John A. Strong
A concise history of the Montaukett tribe of Long Island, bringing
an important period of American Indian history vividly to life.
"Written by . . . noted authority on the Indians of Long Island, The Montaukett Indians of Eastern Long Island is the true story of one of the first Native American tribes to contact and establish relations with the English in the seventeenth century. Covering the first meeting and clash of cultures in the 1600’s down to the modern day. [The book] is a concise history that covers issues of cultural assimilation, political problems, social tensions, and recurring patterns of economic dependency among the Montaukett. A handful of black-and-white photographs and illustrations add a visual touch to this valuable contribution to Native American studies shelves, focusing on an oft overlooked tribe that has nonetheless played a crucial role in American history."
"Perhaps no one is better qualified to write a history of the Montaukett Indians than John A. Strong. For nearly twenty years, his writings on the Algonquin people of Long Island have filled an important void in our understanding of the Northeastern Woodlands."

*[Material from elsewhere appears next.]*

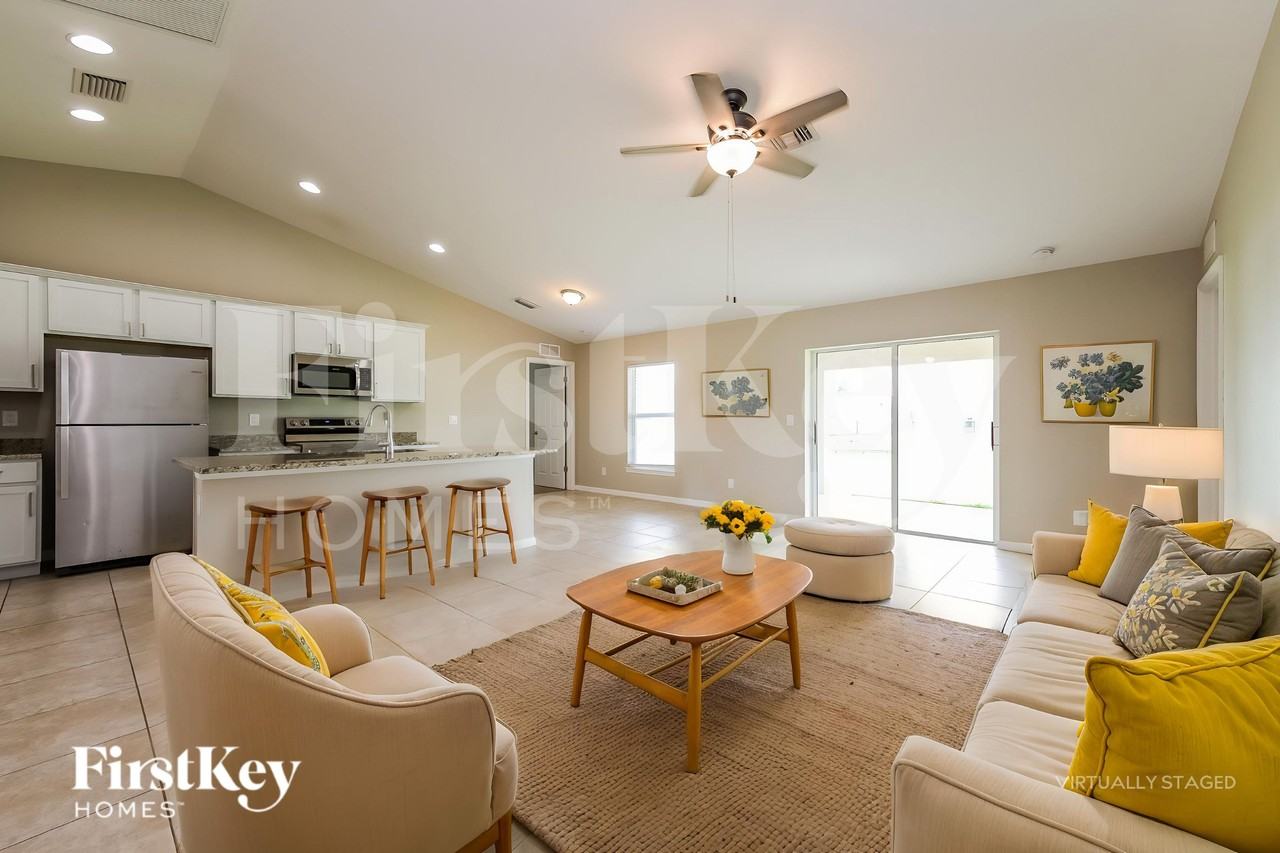2212 Nw 9th St - Photo 4 of 20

American Indian Culture and Research Journal
"A major strength of this volume is John Strong’s extensive use of original documents to underpin his contemporary view of a highly complex story. For a more accurate history of the island, this darker side needs to be known."

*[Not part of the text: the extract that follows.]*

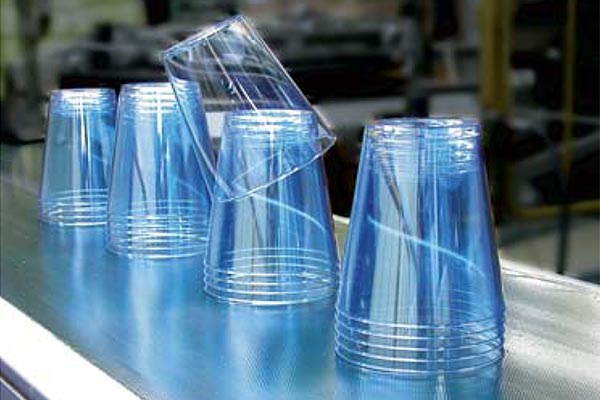 容器搬送時の静電気除去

The Long Island Historical Journal
Although the Montaukett were among the first tribes to establish relations with the English in the seventeenth century, very little has been written about the evolution of their interaction with the settlers. John A. Strong, a noted authority on the Indians of Long Island, has written a concise history that focuses on issues of land tenure in the relations between the English and the Montaukett. Strong also explores cultural assimilation, political and social tensions, and patterns of economic dependency among the Montaukett.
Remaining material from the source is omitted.